Investors in early stage electric vehicle (EV) manufacturers don't really care about earnings and revenue meeting quarterly expectations at this point. The focus is more on production updates including any headwinds and rate of growth. 

Lucid Group (LCID -5.20%) slashed expectations on that front earlier this year when it cut 2022 production guidance to a range of 6,000 to 7,000 of its luxury Air sedans. It still expects to meet that conservative guidance, but investors found something else in its third-quarter report that made them nervous. 

gold Lucid Air in showroom.

Image source: Lucid Group.

Reservations dropped

Lucid wasn't the only automaker to lower production guidance earlier this year. Supply chain constraints have created headwinds around the globe, and it was especially hard for a company like Lucid that was just beginning to ramp up its manufacturing plant. At the same time, however, it was important to focus on how demand was holding up. 

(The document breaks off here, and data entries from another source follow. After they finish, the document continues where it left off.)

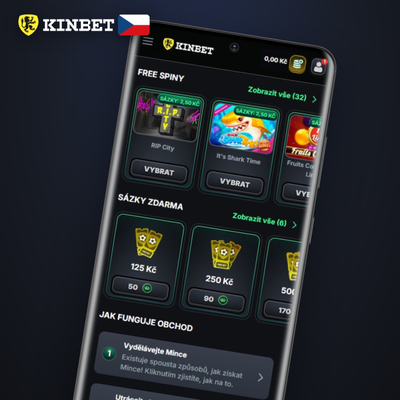 Free bet bonus v Kinbet Casino — bezplatná sázka bez nutnosti vkladu
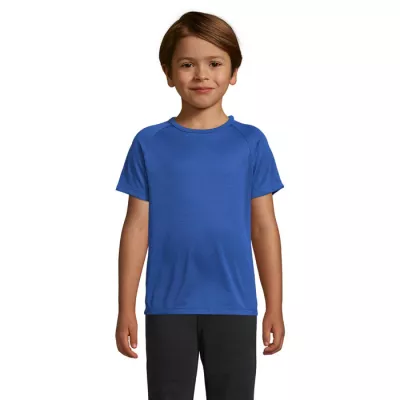 Koszulka sportowa dziecięca 140 g/m² Sol's SPORTY KIDS - Niebieski (S01166-RB)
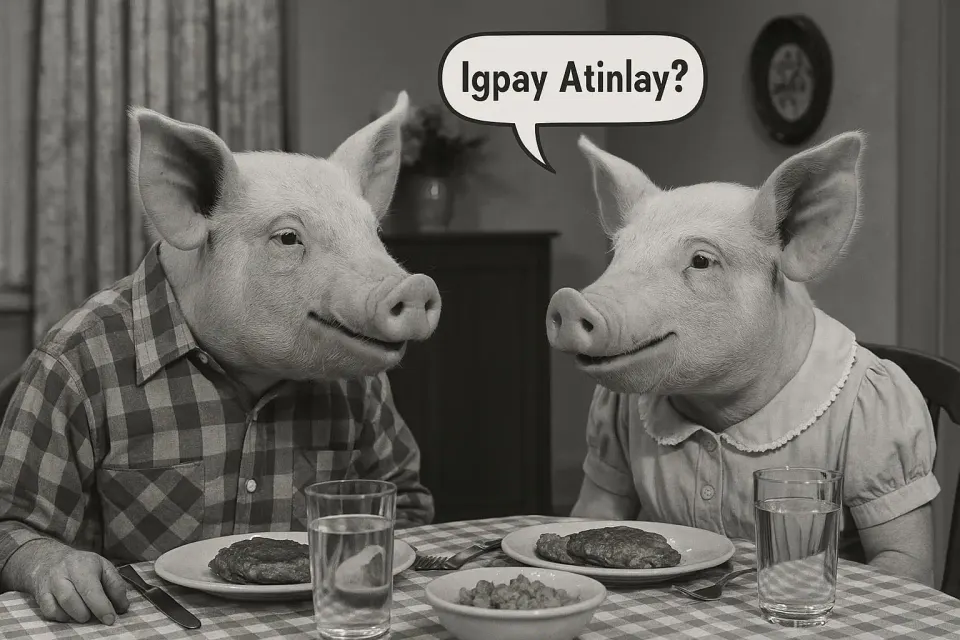 Have you gained fluency in Pig Latin -- the "secret language formed from English by transferring the initial consonant or consonant cluster of each word to the end of the word...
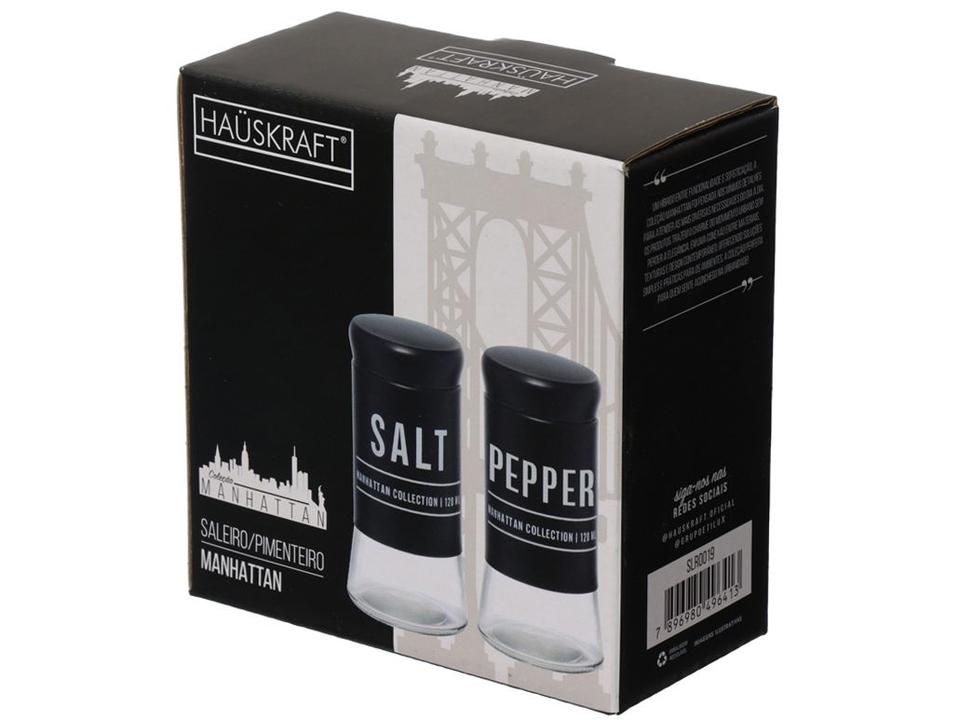 Saleiro e Pimenteiro de Vidro 2 Peças Hauskraft Manhattan - 3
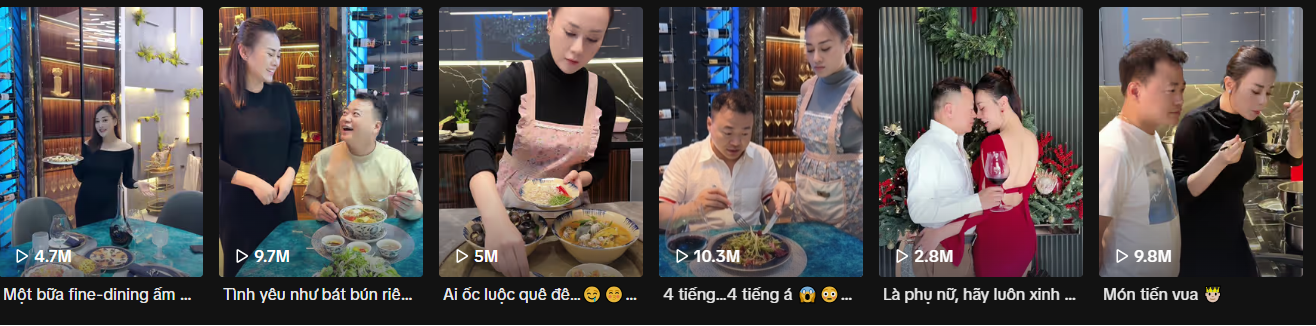 Series 'Bếp nàng Ỉn' ghi lại nhật ký bếp núc của bà xã Shark Bình nhận được quan tâm Series 'Bếp nàng Ỉn' ghi lại nhật ký bếp núc của bà xã Shark Bình nhận được quan tâm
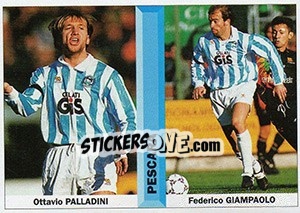 Sticker Ottavio Palladini / Federico Giampaolo - Pianeta Calcio 1996-1997 n. 479 - Ds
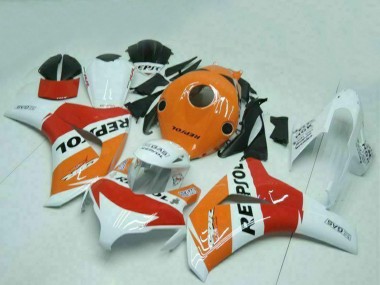 Billige Honda CBR1000RR Motorrad Verkleidung 2008-2011 - Orange Weiss Rot Schwarz Repsol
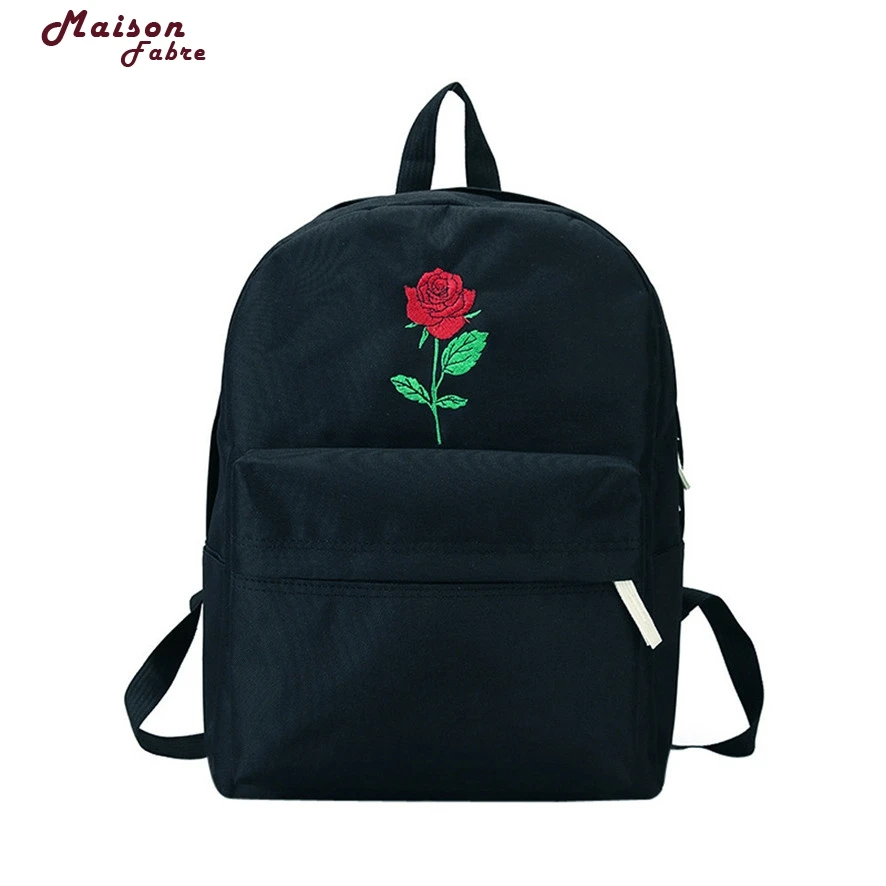 Женский рюкзак из парусины с вышивкой школьные сумки для подростков мальчиков и
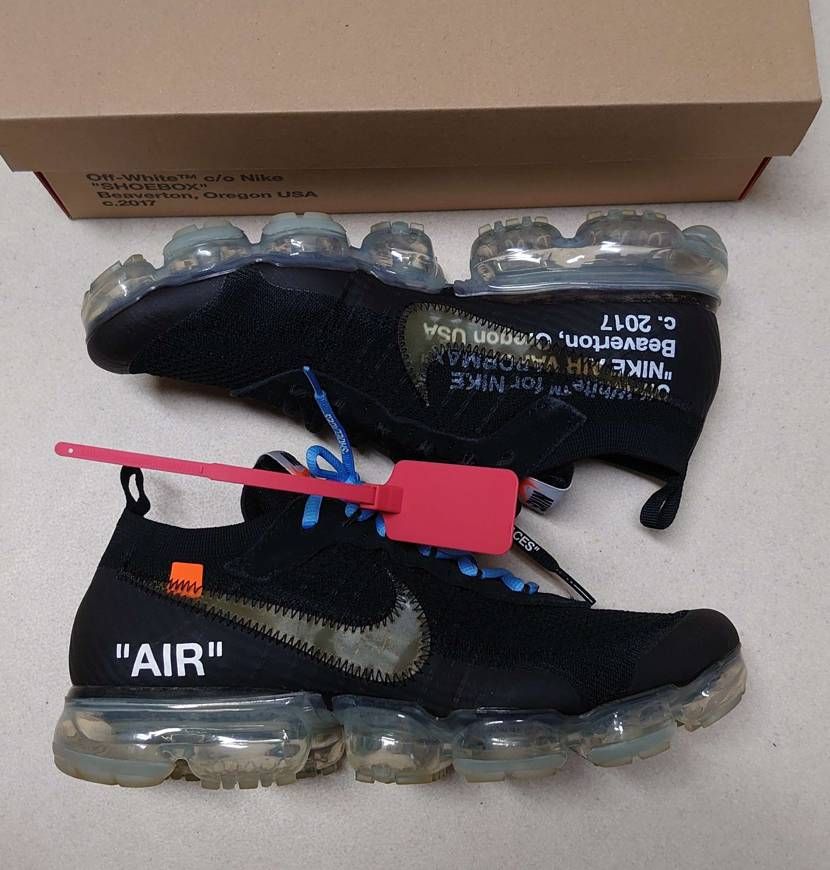 Off-White × Nike Air Vapormax "Black/Total Orange/Clear"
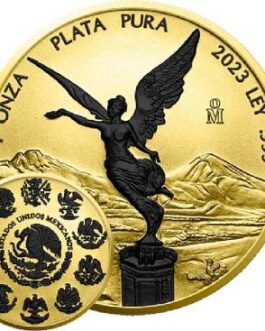 Libertad 2023 24k Gold & Black Platinum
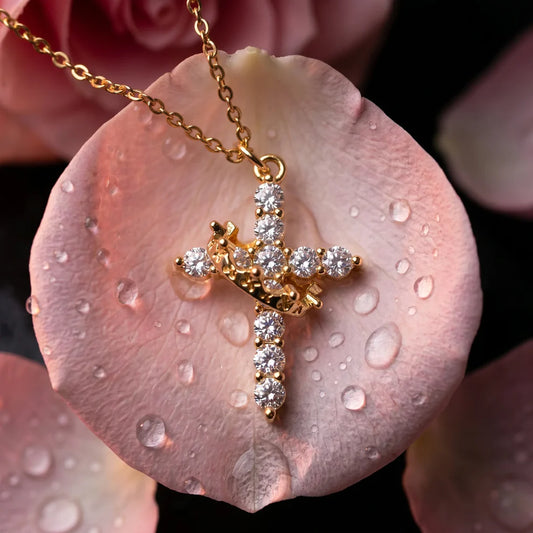CrownCross™ – Rotating Cross & Crown Necklace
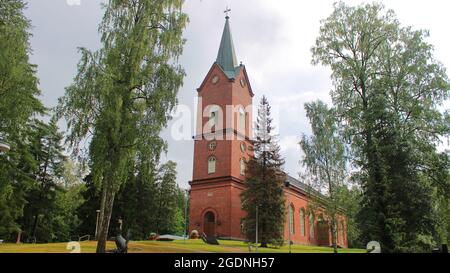 Mäntälän kirkko, Ernst Lohrmann ja Jean Wik 1866. Stockfoto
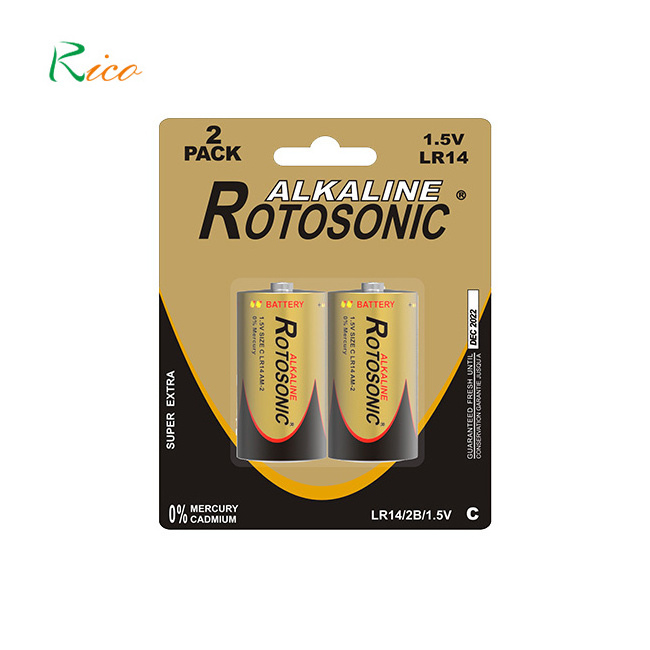 Dry Cell Alkaline Battery Manufacturers Dry Battery 1.5V C size LR14 For Home Appliances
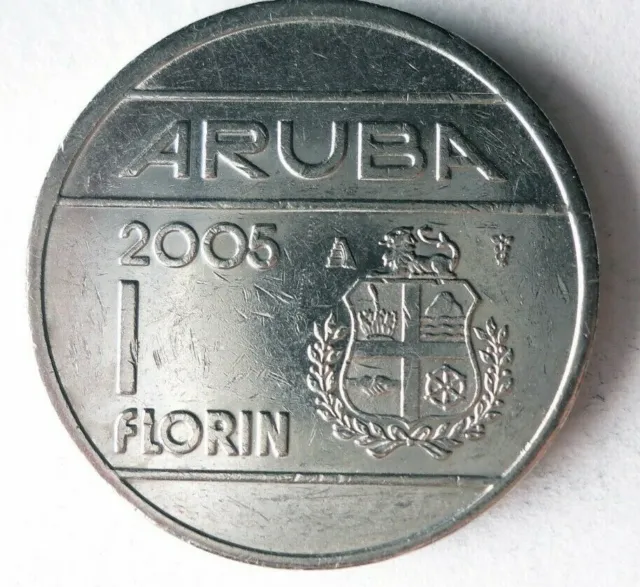 2005 ARUBA FLORIN - Excellent Coin - FREE SHIP - Bin #300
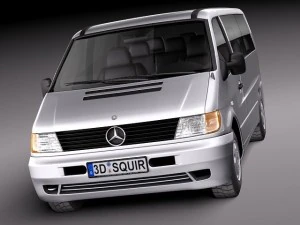 Mercedes-Benz Vito 1995-2000 passenger 3D Model
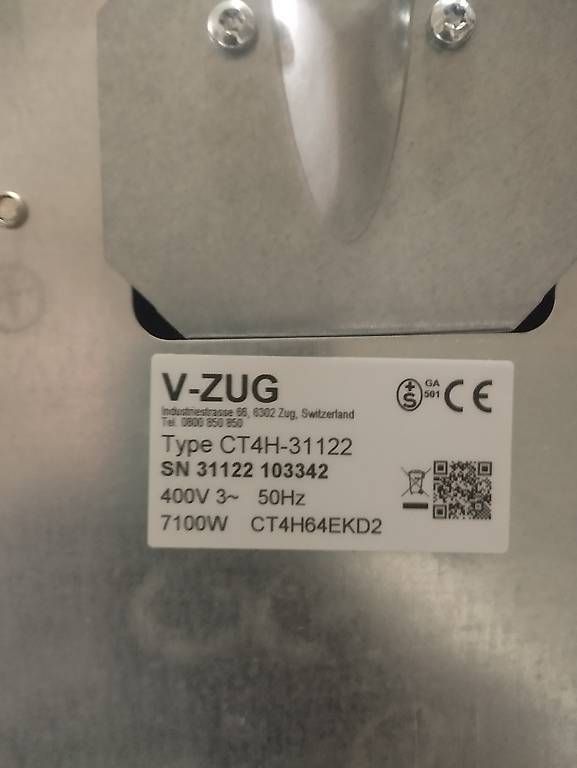 V-Zug Cucine: Piano vetro ceramica – Nuovo (secondo la descrizione) da Viganello venduto da mas_68yb 4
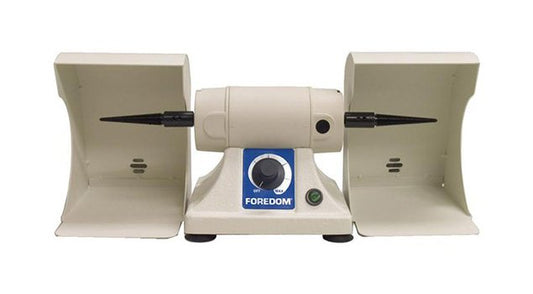 Foredom 230V Bench Lathe with Dust Hood - Image 1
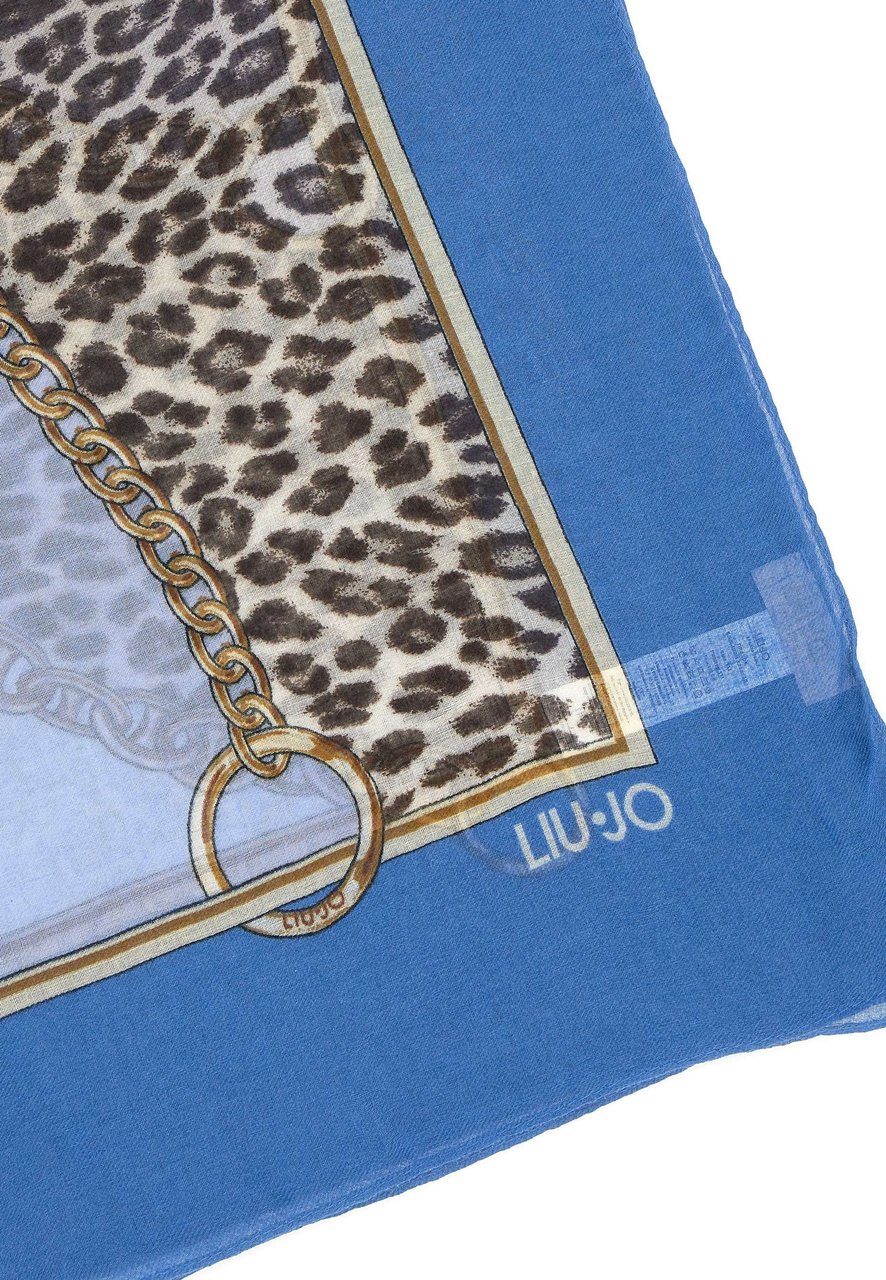 Liu Jo Scarfs Blue Blauw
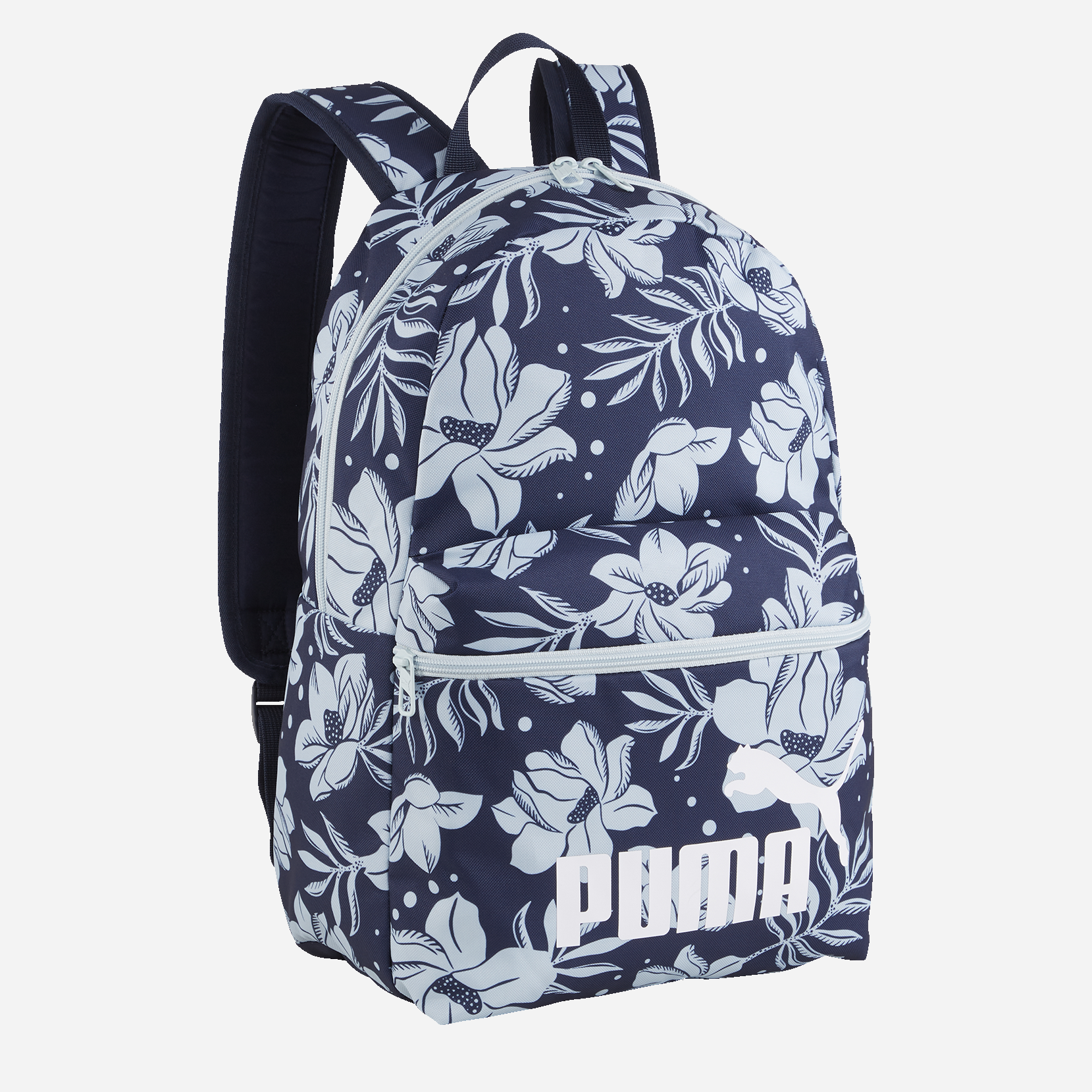 Акція на Рюкзак жіночий спортивний тканинний 22 л Puma Phase Aop Backpack 07994842 Синій від Rozetka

Lucid was continuing to grow its backlog over the last year, and mapped out its global growth plans and related capital position along the way. It wasn't a surprise to see that the level of cash and cash equivalents on its balance sheet dropped by $750 million since the end of the second quarter as it continues to spend capital and increase its production. But it was a surprise to see its reservation backlog reverse direction. 

graph of Lucid Air reservations over the last five quarters.

Data source: Lucid Group. Chart by author.

That one bit of information seemed to send investors fleeing the stock after the report. But investors with a long time horizon probably shouldn't panic. Even if Lucid doubles its production volume next year, it still has two years' worth of orders. And it's understandable if prospective customers don't want to wait two years for delivery. Especially as other automakers like Mercedes-Benz Group are bringing competing luxury EVs to market. 

Has the story changed?

The big question for investors is whether the business is continuing to ramp up at an acceptable pace. While off a low base, production tripled sequentially in the third quarter versus the prior quarter. Lucid still expects to begin production of its high-performance Air Sapphire model in the first half of next year. The company says that the 1,200-horsepower vehicle will accelerate from zero to 60 mph in less than two seconds. Lucid also will begin taking reservations for its Gravity SUV in early 2023 with production scheduled to begin in 2024. 

Lucid's reservation data also doesn't include the commitment from the government of Saudi Arabia to purchase up to 100,000 Lucid vehicles over the next 10 years. The company announced earlier this year that it plans to expand beyond its Arizona factory with a second facility to be located in Saudi Arabia. Lucid announced that construction is underway for that new facility. It plans to initially pre-manufacture Air vehicles in Arizona for reassembly in Saudi Arabia before eventually producing full vehicles there. That plant is expected to have an annual capacity of 155,000 vehicles. 

Additional funding isn't new news

That Middle East connection stems from a prior investment from the Saudi Arabian government's Public Investment Fund (PIF). Lucid continues to add investments from that source, too. Another item that may have alarmed investors after its quarterly update was the news that Lucid intends to raise an additional $1.5 billion, including more than $900 million from an affiliate of PIF.

The balance will come from selling additional shares of its common stock. But that shouldn't have come as a surprise to investors. Lucid filed a statement in late August allowing it to raise up to $8 billion from share offerings over the ensuing three years. 

Prior to announcing its latest plan to raise capital, Lucid said its $3.85 billion in cash and equivalents was enough to fund its needs at least into the fourth quarter of 2023. The additional funds will help support further capital spending and working capital needs. 

Investors believing in Lucid's long-term prospects shouldn't panic from the latest quarterly report. Plenty of risks remain for this speculative investment. But nothing new from the latest bit of news should prompt one to reverse course and sell.